Review: Ouya brings indie games to your TV
The ongoing explosion in independently developed, low-budget video games has been a boon for players who travel. Whether I'm on the road with an iPad, an Android smartphone or a laptop, I know there's a huge library of games to play.
When I get home, though, I want to play on a bigger screen. That's where the Ouya comes in. It promises to deliver the best in inexpensive indie gaming on a high-resolution screen, through a small device that runs the Android operating system designed for phones and tablets.
Ouya costs just $100—a few hundred dollars less than what you'd pay for a major game console. Thousands of gamers and game developers got Ouyas over the past few months after contributing at least $95 to Ouya's creators through the group-fundraising site Kickstarter. The device went on sale more broadly on Tuesday.
Ouya runs Google's Android system and is built around Nvidia's Tegra 3 processor, used mostly in smartphones and other mobile devices. That should make it easy to port over the thousands of games already made for Android phones and tablets, but for now you're limited to software specifically designed for Ouya. Nearly 180 games are available so far through Ouya's online store, with many more expected.
Each game has a version you can download for free. If you like what you see, you can download a full version for a few bucks. By contrast, games for one of the big three consoles can cost as much as $60 each—usually with no free trial.
The device itself is a cube measuring 3 inches (8 centimeters) on each side, with slightly rounded corners on the bottom. The controller is a bit chunkier. It resembles what's available with Microsoft's Xbox and Sony's PlayStation, with two exceptions: The Ouya controller has a touchpad in the middle (although none of the games I sampled took advantage of it), and its grips are longer, each accommodating an AA battery. One controller comes with the Ouya, and extra ones cost $50 each.
Setup is easy once you connect the Ouya to your high-definition television set using a supplied HDMI cable. When you turn on the console, it automatically searches for Wi-Fi connections. You can also connect to the Internet through an Ethernet cable, which you have to provide yourself. Once connected, you need to create an account and supply credit card information.
Then you're taken to a simple menu with four options: play, discover, make and manage. "Make" takes you to an area for potential game developers, while "manage" lets you tinker with system settings.
"Discover" takes you to Ouya's game store.
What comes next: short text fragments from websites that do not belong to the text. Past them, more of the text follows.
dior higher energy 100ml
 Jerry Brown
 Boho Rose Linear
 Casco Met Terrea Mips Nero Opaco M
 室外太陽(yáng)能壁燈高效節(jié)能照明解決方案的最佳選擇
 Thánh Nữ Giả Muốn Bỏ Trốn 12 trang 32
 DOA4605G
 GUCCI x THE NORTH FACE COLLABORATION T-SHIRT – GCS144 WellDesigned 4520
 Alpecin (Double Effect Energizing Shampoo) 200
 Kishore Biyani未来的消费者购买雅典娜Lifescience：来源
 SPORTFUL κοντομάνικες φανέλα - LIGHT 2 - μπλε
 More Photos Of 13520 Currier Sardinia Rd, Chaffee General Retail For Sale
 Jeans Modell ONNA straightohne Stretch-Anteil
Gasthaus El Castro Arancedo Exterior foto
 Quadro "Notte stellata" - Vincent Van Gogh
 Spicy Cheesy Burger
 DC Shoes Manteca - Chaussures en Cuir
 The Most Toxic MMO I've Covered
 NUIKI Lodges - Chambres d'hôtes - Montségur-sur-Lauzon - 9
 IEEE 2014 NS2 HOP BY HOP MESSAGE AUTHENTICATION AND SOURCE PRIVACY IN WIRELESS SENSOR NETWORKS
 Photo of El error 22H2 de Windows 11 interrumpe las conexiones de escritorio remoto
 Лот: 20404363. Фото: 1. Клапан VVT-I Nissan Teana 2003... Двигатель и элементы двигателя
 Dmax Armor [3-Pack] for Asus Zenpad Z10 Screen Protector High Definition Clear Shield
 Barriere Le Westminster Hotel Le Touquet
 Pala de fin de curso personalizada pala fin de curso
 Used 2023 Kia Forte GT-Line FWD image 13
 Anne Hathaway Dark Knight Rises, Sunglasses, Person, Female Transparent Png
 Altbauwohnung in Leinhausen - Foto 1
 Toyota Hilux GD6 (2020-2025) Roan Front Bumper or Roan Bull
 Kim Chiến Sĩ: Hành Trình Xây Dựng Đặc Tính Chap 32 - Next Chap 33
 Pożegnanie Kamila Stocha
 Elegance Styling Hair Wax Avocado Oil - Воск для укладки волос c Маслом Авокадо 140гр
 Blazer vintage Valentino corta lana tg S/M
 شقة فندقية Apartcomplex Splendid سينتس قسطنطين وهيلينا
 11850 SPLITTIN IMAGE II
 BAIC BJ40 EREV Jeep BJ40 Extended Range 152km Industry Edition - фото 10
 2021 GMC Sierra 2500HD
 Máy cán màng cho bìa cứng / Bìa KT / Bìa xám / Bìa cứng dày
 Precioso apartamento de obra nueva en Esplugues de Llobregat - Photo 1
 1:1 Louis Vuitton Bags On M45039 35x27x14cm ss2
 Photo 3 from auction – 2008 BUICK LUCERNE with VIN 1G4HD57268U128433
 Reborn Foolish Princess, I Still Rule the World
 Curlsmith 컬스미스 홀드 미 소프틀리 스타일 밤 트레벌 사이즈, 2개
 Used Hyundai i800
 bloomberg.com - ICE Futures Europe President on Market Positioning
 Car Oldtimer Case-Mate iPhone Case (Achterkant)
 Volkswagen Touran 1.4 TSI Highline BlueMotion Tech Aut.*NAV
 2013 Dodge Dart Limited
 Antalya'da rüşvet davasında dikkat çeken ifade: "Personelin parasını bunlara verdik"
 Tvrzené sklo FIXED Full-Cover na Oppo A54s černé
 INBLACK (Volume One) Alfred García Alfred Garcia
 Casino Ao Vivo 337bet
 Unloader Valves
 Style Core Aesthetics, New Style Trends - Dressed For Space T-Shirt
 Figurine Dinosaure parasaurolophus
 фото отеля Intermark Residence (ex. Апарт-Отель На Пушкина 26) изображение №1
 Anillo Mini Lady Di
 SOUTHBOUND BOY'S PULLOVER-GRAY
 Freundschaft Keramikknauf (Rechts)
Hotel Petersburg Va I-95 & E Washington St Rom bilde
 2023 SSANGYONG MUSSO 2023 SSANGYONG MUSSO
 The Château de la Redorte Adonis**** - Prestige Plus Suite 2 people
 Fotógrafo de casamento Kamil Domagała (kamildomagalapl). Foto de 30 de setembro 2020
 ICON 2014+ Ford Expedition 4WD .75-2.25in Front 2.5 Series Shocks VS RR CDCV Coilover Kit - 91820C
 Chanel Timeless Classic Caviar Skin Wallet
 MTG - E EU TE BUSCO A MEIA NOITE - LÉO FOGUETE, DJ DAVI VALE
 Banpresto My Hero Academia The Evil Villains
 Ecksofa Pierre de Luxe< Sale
You can find games by genre, such as role-playing, sim/strategy and "meditative." You can also check out showcases such as "couch gaming with friends."
Download speeds aren't bad; it took about 20 minutes for me to transfer a 725-megabyte file over Comcast high-speed Internet. Smaller games are, of course, much faster. The device has 8 gigabytes of internal storage, and you can add more by connecting an external hard drive to the Ouya with a USB cable.
Once you have your game, clicking "play" on the home page takes you to your personal library. Compared with the sometimes daunting menus on the Microsoft's Xbox 360 and Sony's PlayStation 3, Ouya's displays are clean and elegant.
The offerings on the Ouya store vary wildly in quality and ambition. Android is an open platform, so anyone can write software for it. That means you have professionally executed games such as the beloved "You Don't Know Jack" competing head-to-head with the sloppy trivia game "Quizania." Some popular console games, including "The Bard's Tale" and "Final Fantasy III," have been adapted for the Ouya, but it isn't the place for blockbuster titles such as the latest "Call of Duty" and "Grand Theft Auto."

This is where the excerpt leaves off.